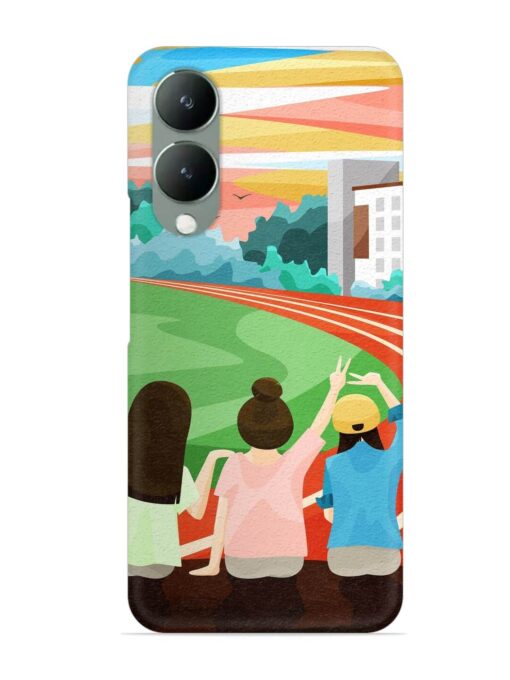 School Playground Snap Case for Vivo Y28 (5G) Zapvi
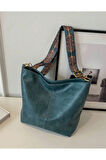 Kadınlar için Vintage Crossbody Büyük Kapasiteli Hobo Çanta Moda PU Omuz Çantası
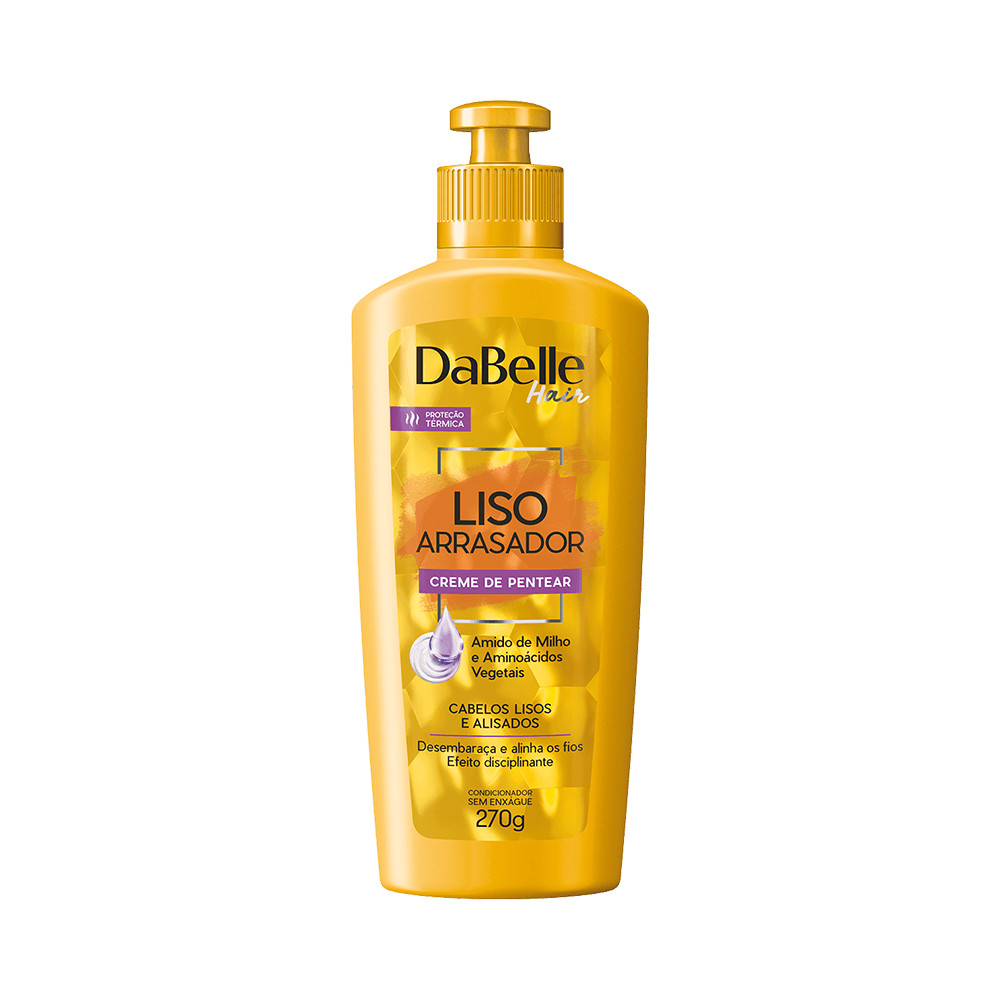 Creme de Pentear Dabelle Hair Liso Arrasador 270g em Oferta na Shopee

**PROMPT**
Pictures do not belong in the copy; repeat the rest of the listing exactly.

**SOLUTION TO THIS PROBLEM**
 School Playground Snap Case for Vivo Y28 (5G) Zapvi
 Kadınlar için Vintage Crossbody Büyük Kapasiteli Hobo Çanta Moda PU Omuz Çantası
 Creme de Pentear Dabelle Hair Liso Arrasador 270g em Oferta na Shopee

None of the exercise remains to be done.